Admittedly, if you're running a public site, you're mixing two kinds of solution --- publicly available vs secured, but analogous statements can be made here - you can't tell a public site using port knocking for some special services from a public site that doesn't support same.
This is like a void fn() in C (no return status). You knock on the 5, 10, or 25 ports in the right sequence to "send your message". You get nothing back. You then try to open the port that is your ultimate destination - if it's open, you're fine, if it's not, you have issues. This isn't a full-duplex kind of protocol, folks. I love it :-)
Thus, it is impossible to distinguish a totally silent box (listening on no ports, dropping all packets) that has implemented port knocking from a box that is merely totally silent.
As a two-laptop user who attaches to corporate LANs and public high-speed networks in hotels, I just love the idea of having all packets dropped until someone sends "shave & a haircut!" - then letting them in for a bit.
It would certainly be better than my current approach - using ethernet addresses (maclist in Shorewall! :-) to allow ftp and http etc to my linux box.
Redundancy is good; triple redundancy is twice as good! - Me.

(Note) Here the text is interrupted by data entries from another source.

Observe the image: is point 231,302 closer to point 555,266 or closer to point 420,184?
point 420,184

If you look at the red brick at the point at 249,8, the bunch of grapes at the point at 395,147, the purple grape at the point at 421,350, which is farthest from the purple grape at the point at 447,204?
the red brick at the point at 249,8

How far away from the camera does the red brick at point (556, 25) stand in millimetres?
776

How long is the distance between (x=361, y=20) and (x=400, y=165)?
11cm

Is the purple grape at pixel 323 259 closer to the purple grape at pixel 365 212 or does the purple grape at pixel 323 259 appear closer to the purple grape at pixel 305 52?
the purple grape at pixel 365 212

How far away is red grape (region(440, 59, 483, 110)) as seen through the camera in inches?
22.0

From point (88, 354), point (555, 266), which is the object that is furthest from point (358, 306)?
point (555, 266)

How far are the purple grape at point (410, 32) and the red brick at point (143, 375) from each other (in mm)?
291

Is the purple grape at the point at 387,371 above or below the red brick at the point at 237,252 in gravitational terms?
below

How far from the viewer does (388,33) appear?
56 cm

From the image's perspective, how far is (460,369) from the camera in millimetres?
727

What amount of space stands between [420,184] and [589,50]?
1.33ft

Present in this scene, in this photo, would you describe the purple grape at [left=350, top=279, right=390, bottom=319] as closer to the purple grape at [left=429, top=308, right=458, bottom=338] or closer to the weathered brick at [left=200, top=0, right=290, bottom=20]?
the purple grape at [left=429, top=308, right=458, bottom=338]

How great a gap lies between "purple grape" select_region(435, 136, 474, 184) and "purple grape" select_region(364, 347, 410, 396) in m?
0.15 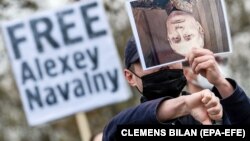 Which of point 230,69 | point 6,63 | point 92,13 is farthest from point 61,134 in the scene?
point 230,69

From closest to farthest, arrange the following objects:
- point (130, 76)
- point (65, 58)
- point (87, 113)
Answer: point (130, 76) < point (65, 58) < point (87, 113)

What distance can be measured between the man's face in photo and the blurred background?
13cm

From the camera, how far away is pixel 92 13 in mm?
2926

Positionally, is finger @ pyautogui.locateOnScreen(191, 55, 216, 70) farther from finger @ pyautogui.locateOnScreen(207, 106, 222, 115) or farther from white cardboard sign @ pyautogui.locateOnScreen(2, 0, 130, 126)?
white cardboard sign @ pyautogui.locateOnScreen(2, 0, 130, 126)

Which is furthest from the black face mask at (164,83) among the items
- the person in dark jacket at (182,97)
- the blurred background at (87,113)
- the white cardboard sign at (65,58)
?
the white cardboard sign at (65,58)

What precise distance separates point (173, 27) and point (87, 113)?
3.10 metres

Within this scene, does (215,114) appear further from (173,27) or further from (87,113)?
(87,113)

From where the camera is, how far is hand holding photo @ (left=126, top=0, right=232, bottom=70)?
69.7 inches

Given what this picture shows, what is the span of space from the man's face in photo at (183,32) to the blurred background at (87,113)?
135 millimetres

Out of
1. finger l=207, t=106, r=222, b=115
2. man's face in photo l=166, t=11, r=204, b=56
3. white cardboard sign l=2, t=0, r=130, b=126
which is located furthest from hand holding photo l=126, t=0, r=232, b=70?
white cardboard sign l=2, t=0, r=130, b=126

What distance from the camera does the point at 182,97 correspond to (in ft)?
5.85

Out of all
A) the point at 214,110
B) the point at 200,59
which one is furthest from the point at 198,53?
the point at 214,110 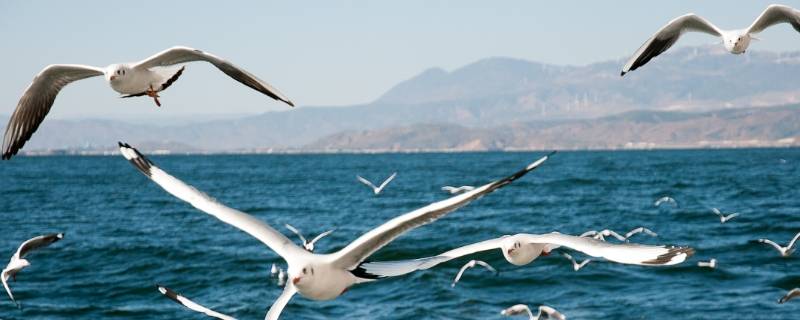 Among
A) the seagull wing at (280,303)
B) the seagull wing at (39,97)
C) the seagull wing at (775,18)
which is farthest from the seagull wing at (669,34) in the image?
the seagull wing at (39,97)

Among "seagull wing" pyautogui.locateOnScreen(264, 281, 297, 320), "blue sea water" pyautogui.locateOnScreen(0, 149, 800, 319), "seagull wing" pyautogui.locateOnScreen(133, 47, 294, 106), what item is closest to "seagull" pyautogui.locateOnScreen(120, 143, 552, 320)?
"seagull wing" pyautogui.locateOnScreen(264, 281, 297, 320)

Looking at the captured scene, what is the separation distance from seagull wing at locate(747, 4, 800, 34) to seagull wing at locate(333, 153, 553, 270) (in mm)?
7356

Seems vulnerable to traffic analysis, as someone mentioned you don't use a combination lock that sends packets all over the world. People will want more complicated sequences, but it will take more time to send them and they may have to resend due to TCP packets coming in different order. But even so anybody on your network or the server's network should be able to see what's going on, how secure is that? And if the server ever responds to your ip from any port then you likewise hosed.
On the other hand this does seem to be an interesting way to one-way send information to the server. I was thinking of playing solitaire using Bruce Schneier's algorithm using a port for each card of a deck.
IANA cypherpunk, but there seem to be a number of ways to treat the set of all closed ports as a numerical space that would be interesting for encrypted communications.
For example you could convert a one-time pad, a private key, or a set of communication channels into a list of port numbers. For a short message at least, you could send with pretty good security (although the list of ports, if not their hash values, would be known to the outside world).
To me this knocking stuff sounds like it only *reduces* security and provides lots of interesting clues to men in the middle. The intriguing part seems to be that you can send a good deal of information through a large number of half-connections in parallel, but this may have already been tried by other people. Of course if the message is simple enough that a single ping to a single prearranged port number is enough to convey it, then you would seem to have a pretty strong system though its existence would certainly be uncovered sooner or later. But if this became popular I suppose the advantage would be in being able to assign certain ports to prearranged values, both for encryption purposes and also to reduce the amount of data you actually need to send.